==== AVAILABLE DATA ====

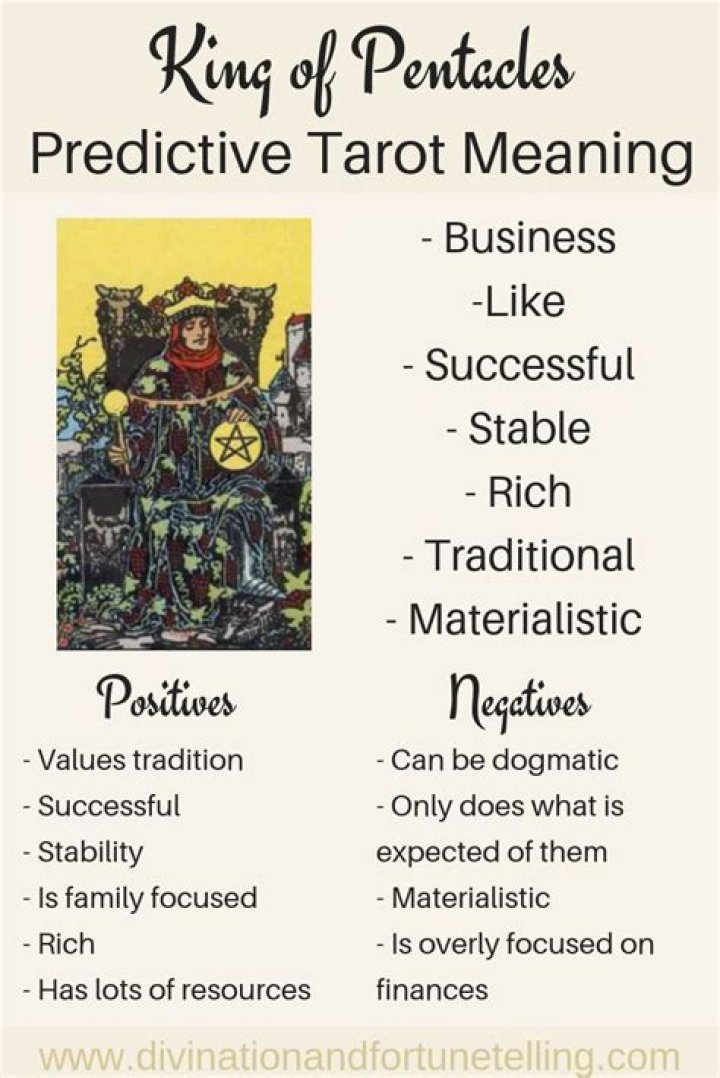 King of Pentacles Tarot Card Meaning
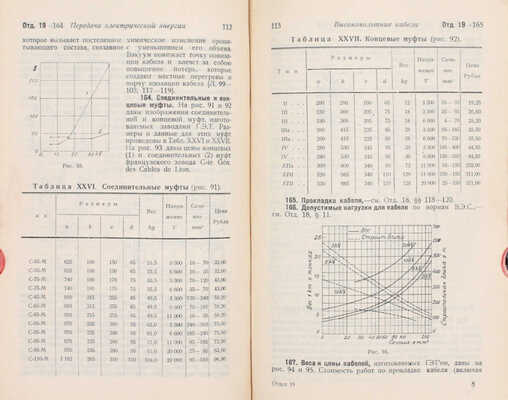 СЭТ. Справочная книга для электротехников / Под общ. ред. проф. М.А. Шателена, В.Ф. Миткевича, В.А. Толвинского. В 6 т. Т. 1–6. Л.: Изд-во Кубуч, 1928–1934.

====
==== AVAILABLE DATA ====

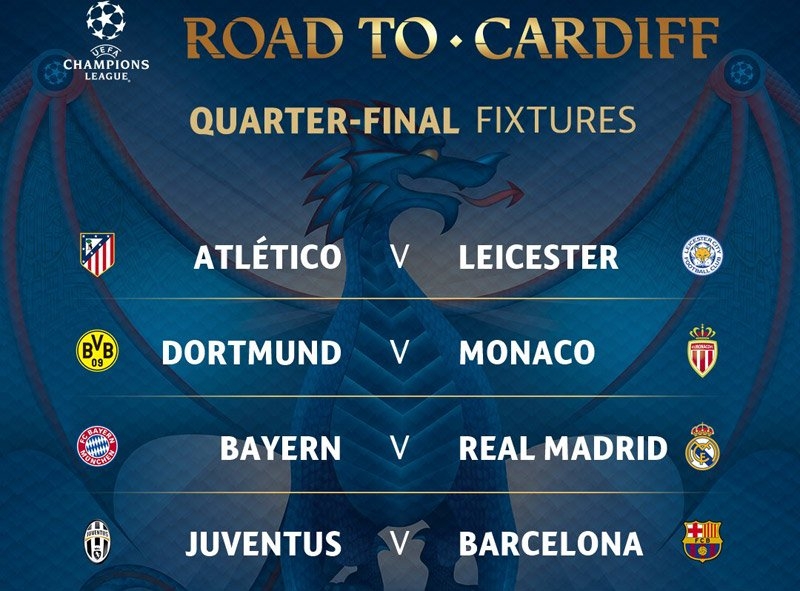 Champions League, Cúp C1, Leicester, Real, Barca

====

Go down the entries above from the line containing "King of Pentacles Tarot Card Meaning" to the line containing "СЭТ. Справочная книга" and write out each line exactly, leaving pictures out.

 King of Pentacles Tarot Card Meaning
 СЭТ. Справочная книга для электротехников / Под общ. ред. проф. М.А. Шателена, В.Ф. Миткевича, В.А. Толвинского. В 6 т. Т. 1–6. Л.: Изд-во Кубуч, 1928–1934.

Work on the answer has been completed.